Kourim runs Muse The Label with her mum and somehow their different generational perspectives and shared fervour for sustainability (limited editions sewn with dead stock fabrics such as a current textured silk dupon, are numbered by label until the last is cut) exquisitely entwine as their narrative in low-key quirky classics.

“We have a made-to-order (business) model so we’re not over-producing, we’re not wasting, we’ve got personal connections with our customers, we’re happy with the process and it’s the right thing to do,” Kourim says. “Keeping small, being a mother and daughter brand, we find, is a marketing tool in itself because of the way the industry is going. Because of social media though, we may be small but we still have a world wide audience.”

Elissa McGowan

Proof that small definitely doesn’t mean invisible in fashion, Kourim’s social media posts have attracted requests from stylists for the smash-hit pay-TV drama Euphoria and tidy-life pop-guru, Marie Kondo. “We have thought about what we’d do if the opportunity happened to go huge,” Kourim says. “And there’s no need. Anything we did to expand, we’d still keep it local, keep that connection with our market and that limited edition kind of feel.”

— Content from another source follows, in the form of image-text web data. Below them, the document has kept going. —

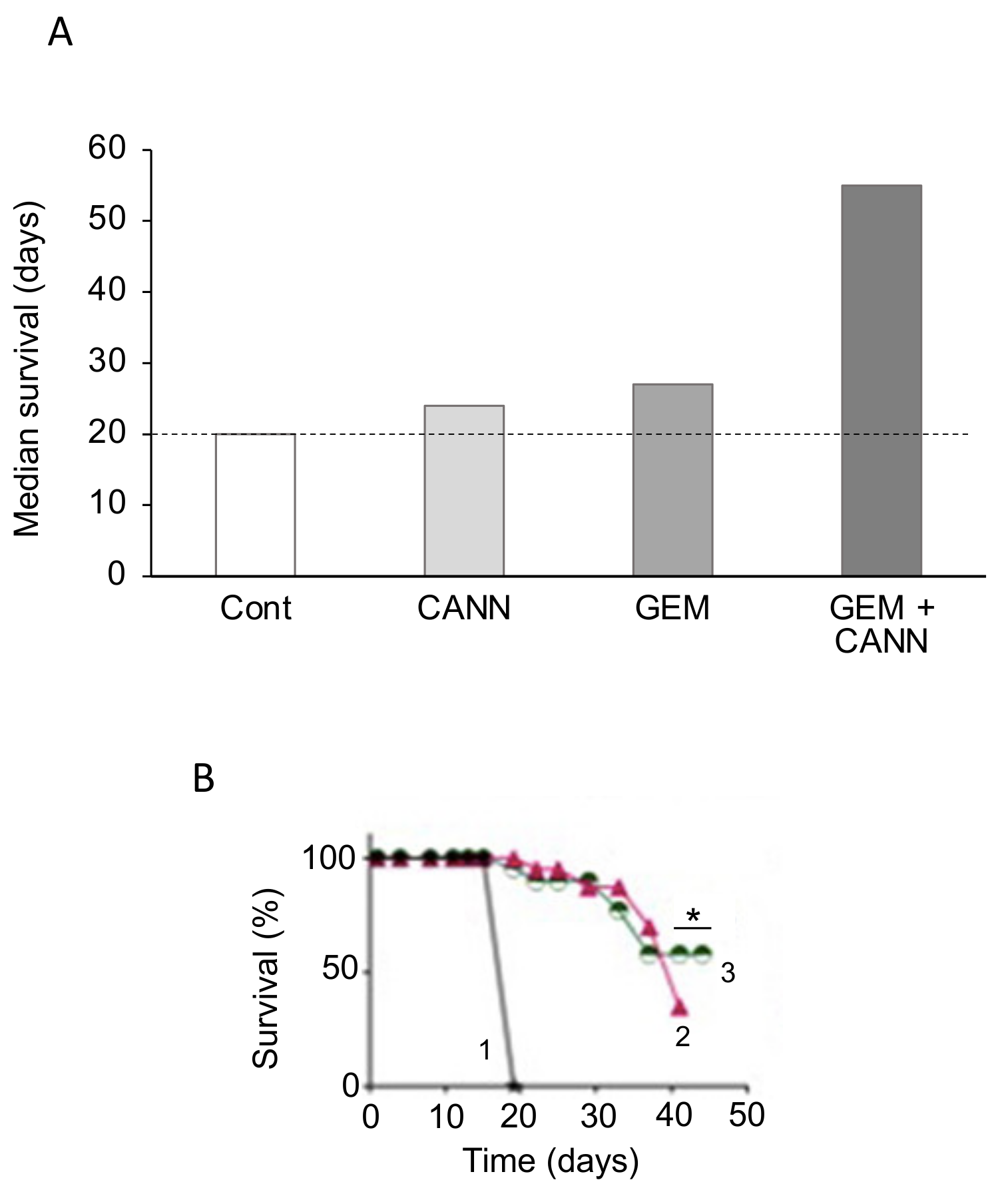 Cancers 12 03096 g015 Cancers 12 03096 g015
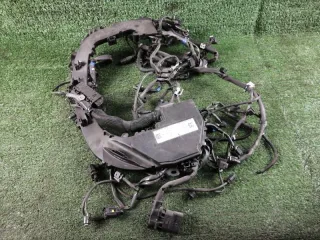 A6421503201 Жгут проводов двигателя Mercedes GLS X166 Арт 2-451228, вид 1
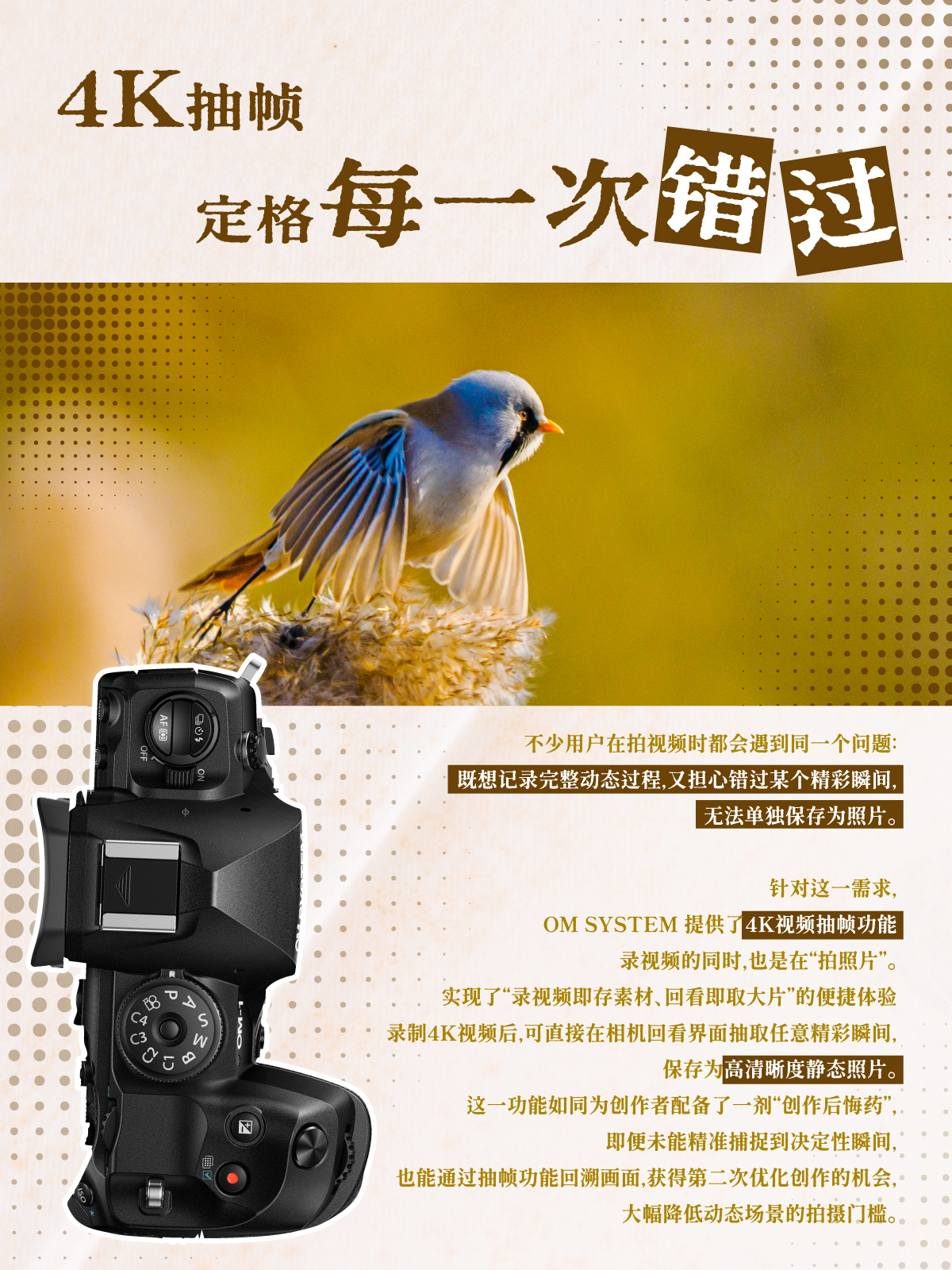 4K抽帧·奥之心机内视频转照片操作指南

It’s a business model even mass production mega-brands around the planet are keen to emulate on some level. Supply chains are being checked, crimes outed, waste controlled, kindness and human rights mingled into mission statements, creative collaborations similar to those among small-brand tribes proliferating. Up the fast fashion end of a paradoxical industry in other words, slowlyslowly the “tanker is turning”. Up the other end, thousands of tinytiny brands is carpeting a new fashion landscape.

Paypal Melbourne Fashion Festival, until March 12
Independant Runway, Collingwood Yards, Thursday 10, 8pm, features Apres Studio, Par Moi, Erik Yvon, Suku, Elissa McGowan, Muse the Label, Dominique Healy, Penny Sage, Wackie Ju, Stella Vendetta, Alix Higgins, Ka-He, Toile Studios, Moss Tunstall, Speed, Youkhana and Ramp Tramp Tramp Stamp.